ACTIVITY
Set down precisely the lines from the line with "Professional advisory office" through the end of the material, inclusive, and no pictures.
[Opening EXCERPTED DATA section]
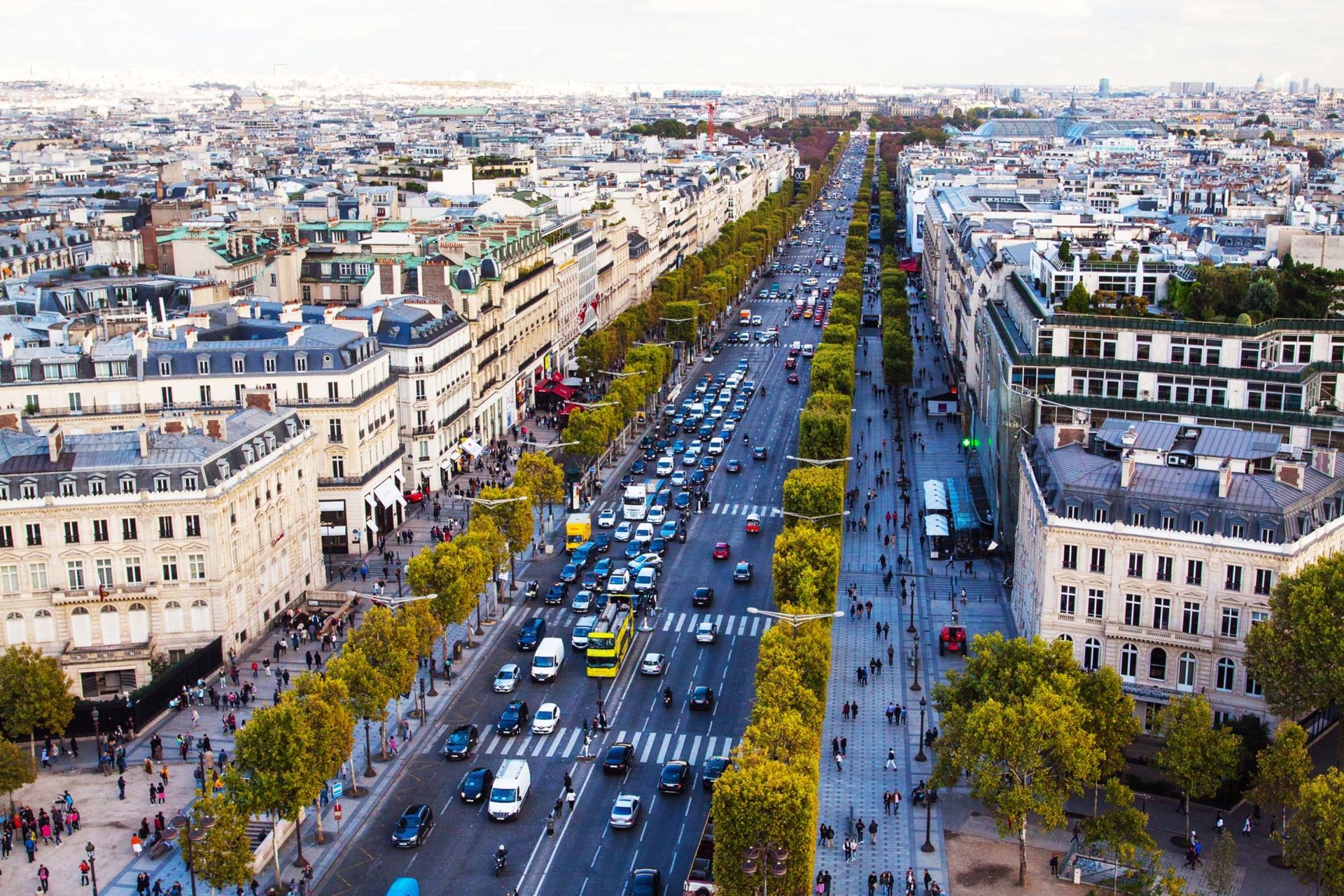 Paris. France - October 3, 2017:Traffic in Champ Elysees street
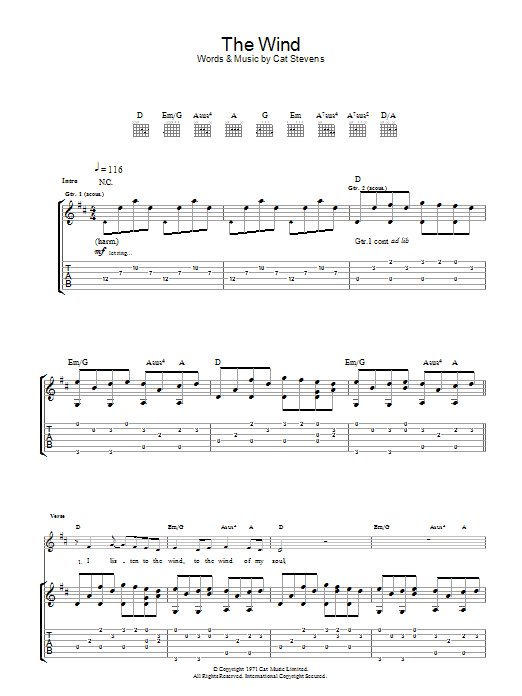 Cat Stevens The Wind Sheet Music Notes & Chords for Lyrics & Chords - Download or Print PDF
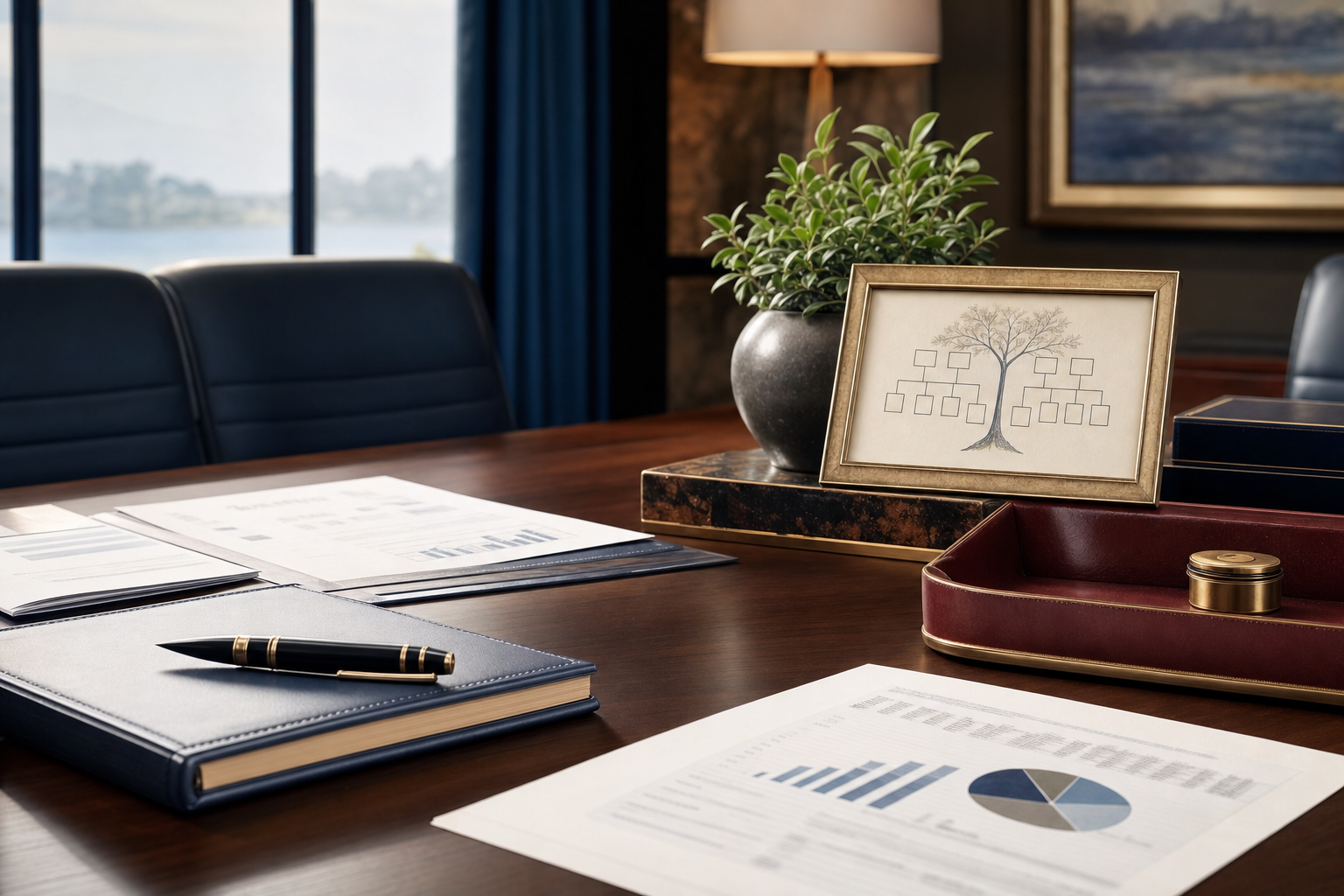 Professional advisory office table with planning materials representing generational client impact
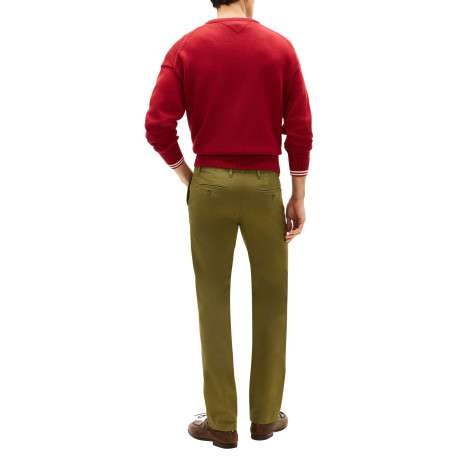 Pantalon chino Denton en coton kaki à coupe droite pourvu de poches plaquées - Image 3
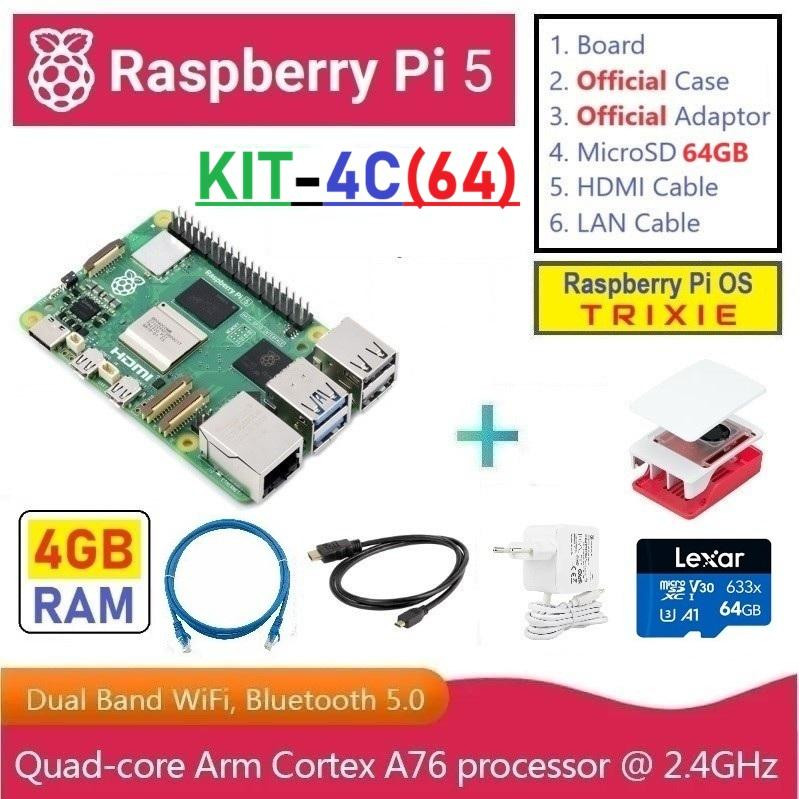 KIT-4C(64)  Raspberry Pi 5 (4GB RAM) - Complete SET (MicroSD 64GB)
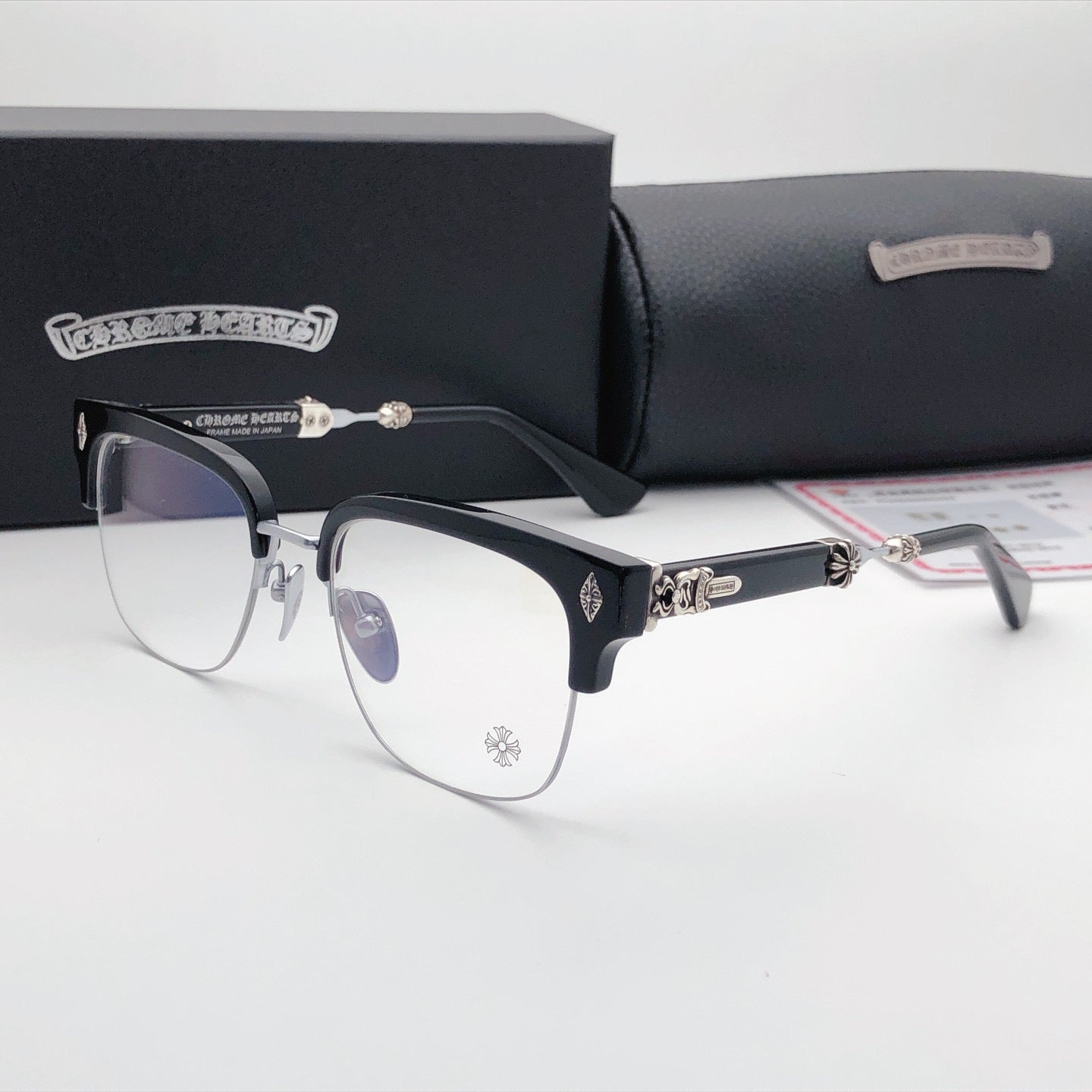Inspired Chrome Hearts EVAGILIST – 925 Silver Browline Eyeglasses (1:1 Mirror Quality)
[Closing EXCERPTED DATA section]
ANSWER TO THIS TASK
 Professional advisory office table with planning materials representing generational client impact
 Pantalon chino Denton en coton kaki à coupe droite pourvu de poches plaquées - Image 3
 KIT-4C(64)  Raspberry Pi 5 (4GB RAM) - Complete SET (MicroSD 64GB)
Inspired Chrome Hearts EVAGILIST – 925 Silver Browline Eyeglasses (1:1 Mirror Quality)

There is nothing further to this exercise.